**EXERCISE REQUIREMENTS**
Starting at the line that contains "Red dog shaped purse excellent condition", copy every line through the end of the records below exactly as written, leaving out pictures.

(Web page caption snippets)
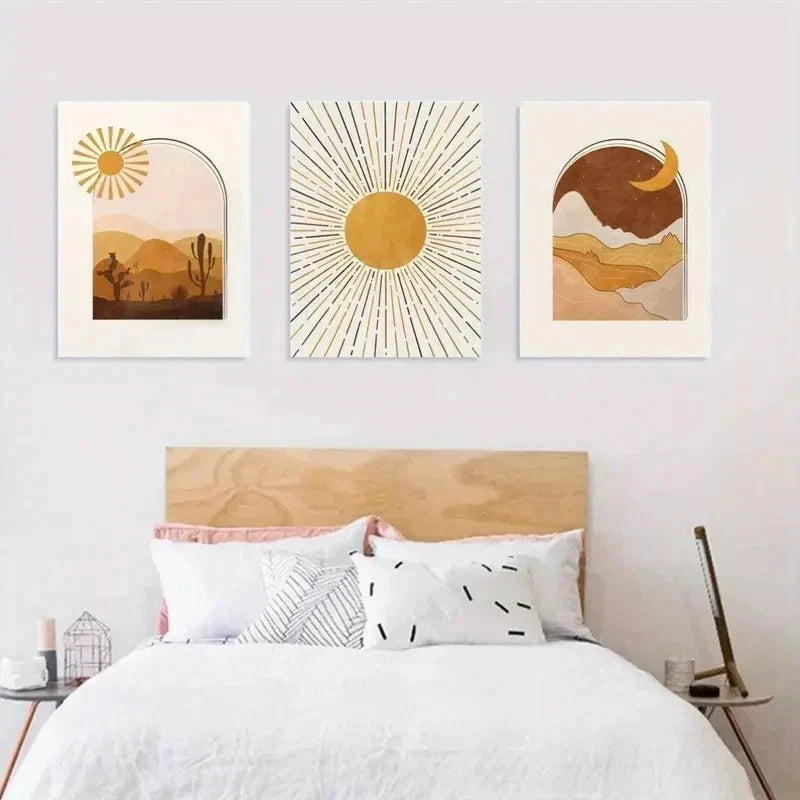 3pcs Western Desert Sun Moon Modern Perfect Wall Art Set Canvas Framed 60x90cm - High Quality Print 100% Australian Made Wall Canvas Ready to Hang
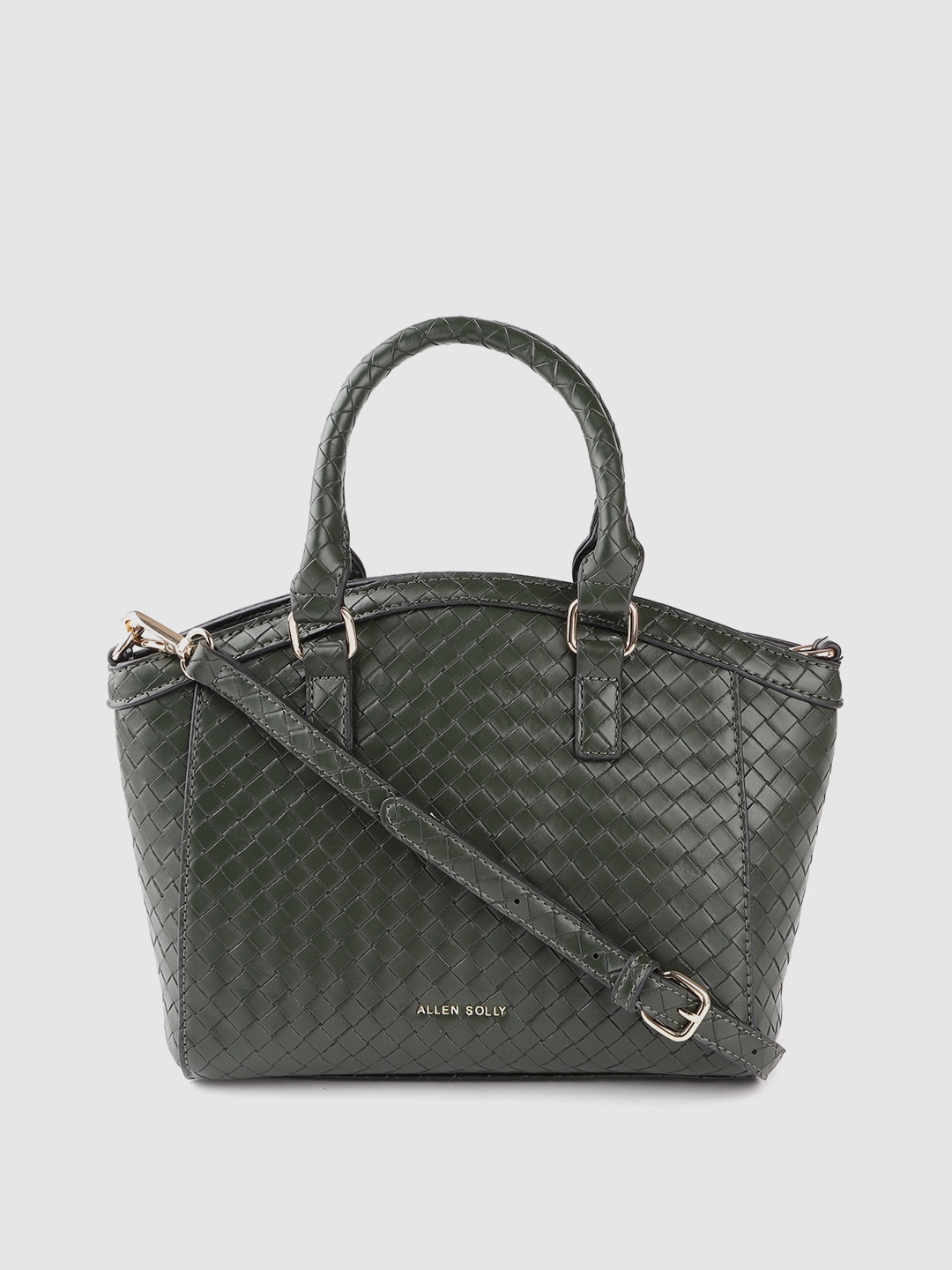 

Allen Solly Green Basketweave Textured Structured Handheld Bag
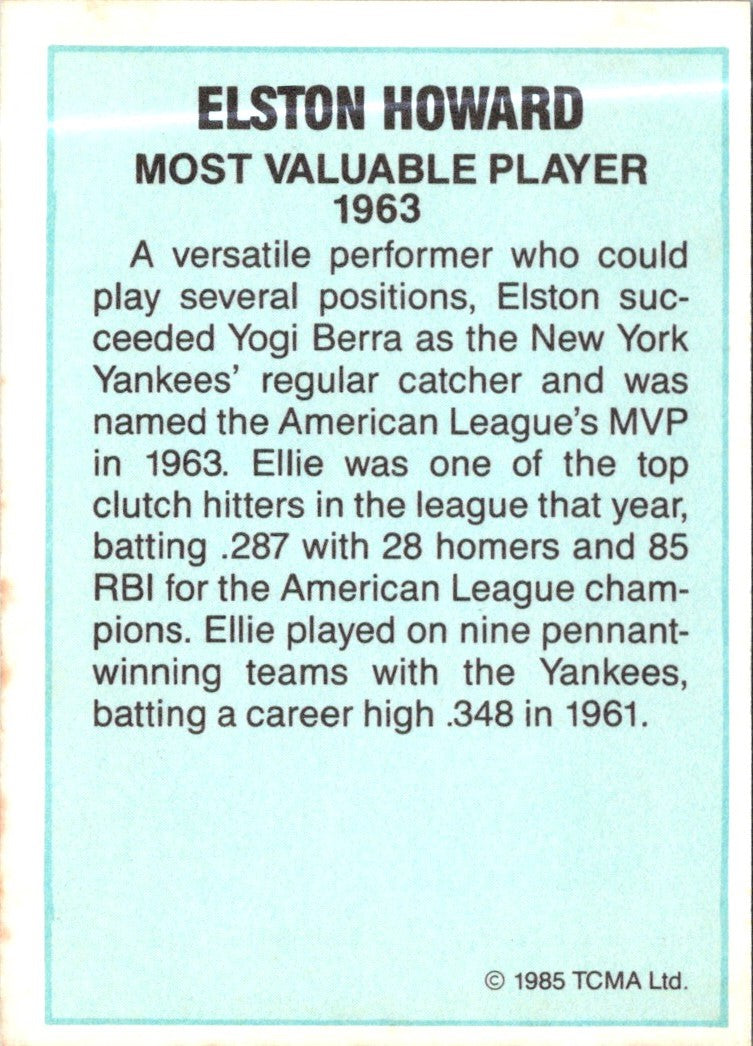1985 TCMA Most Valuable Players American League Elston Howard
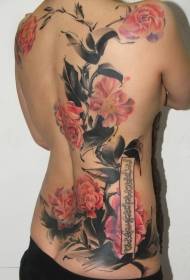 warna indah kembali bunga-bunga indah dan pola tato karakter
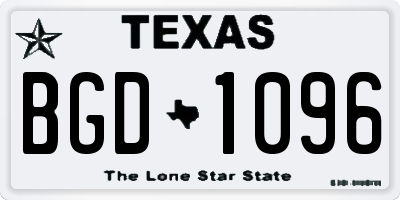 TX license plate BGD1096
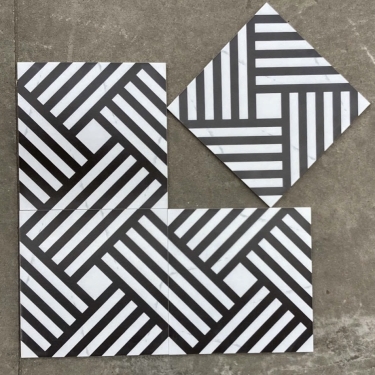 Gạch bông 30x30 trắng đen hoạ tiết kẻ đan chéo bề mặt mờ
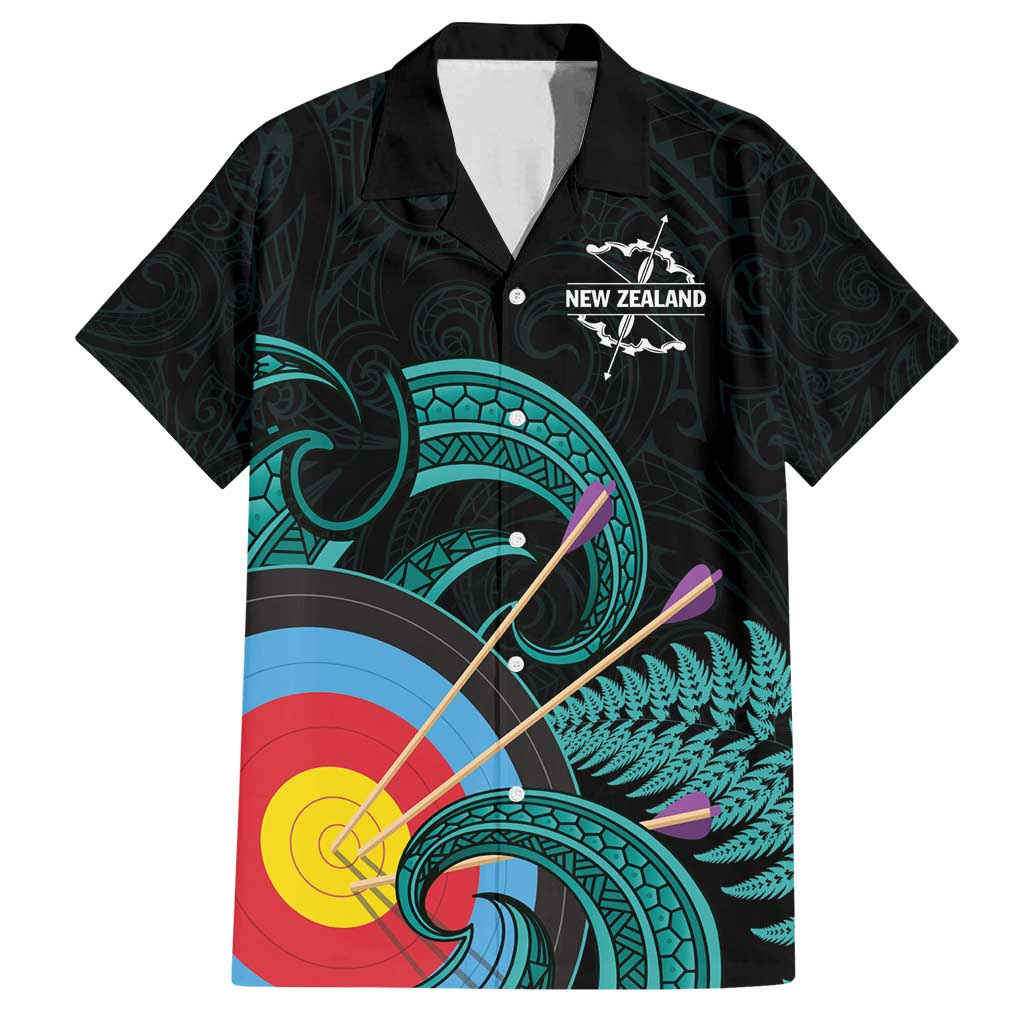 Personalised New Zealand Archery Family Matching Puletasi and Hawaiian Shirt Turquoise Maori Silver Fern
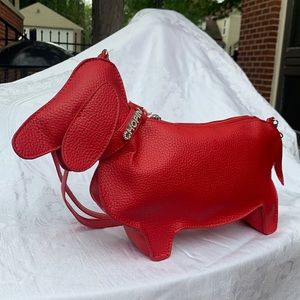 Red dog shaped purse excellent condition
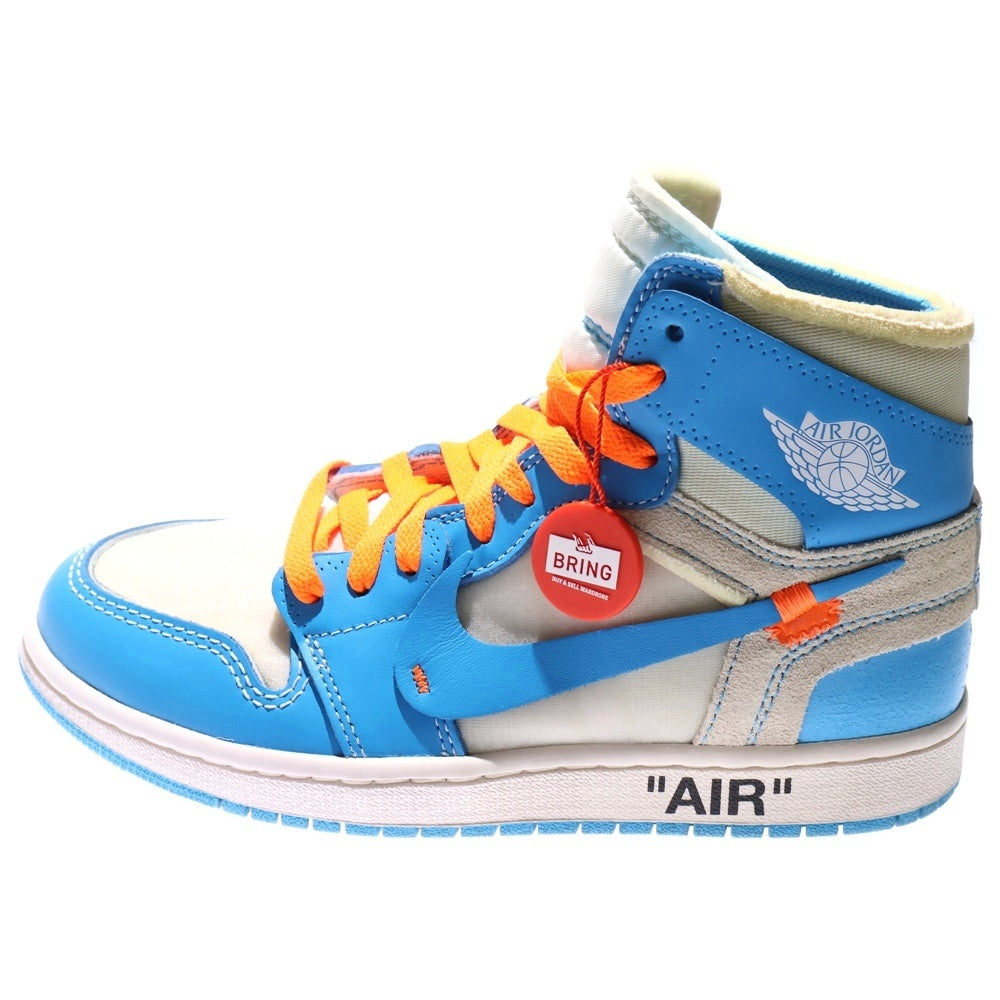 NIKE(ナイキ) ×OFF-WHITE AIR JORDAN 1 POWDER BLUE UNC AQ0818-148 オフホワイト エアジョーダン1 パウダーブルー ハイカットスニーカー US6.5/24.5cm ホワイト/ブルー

**EXPECTED ANSWER**
 Red dog shaped purse excellent condition
 NIKE(ナイキ) ×OFF-WHITE AIR JORDAN 1 POWDER BLUE UNC AQ0818-148 オフホワイト エアジョーダン1 パウダーブルー ハイカットスニーカー US6.5/24.5cm ホワイト/ブルー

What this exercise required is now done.